Data below:

##############################

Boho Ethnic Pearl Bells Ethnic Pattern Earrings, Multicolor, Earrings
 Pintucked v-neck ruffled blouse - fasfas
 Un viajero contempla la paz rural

##############################

Exercise objective:
Reproduce, word for word, the line containing "Pintucked v-neck ruffled blouse - fasfas" along with every later line of the listing, and leave out all earlier lines.

Expected output:
 Pintucked v-neck ruffled blouse - fasfas
 Un viajero contempla la paz rural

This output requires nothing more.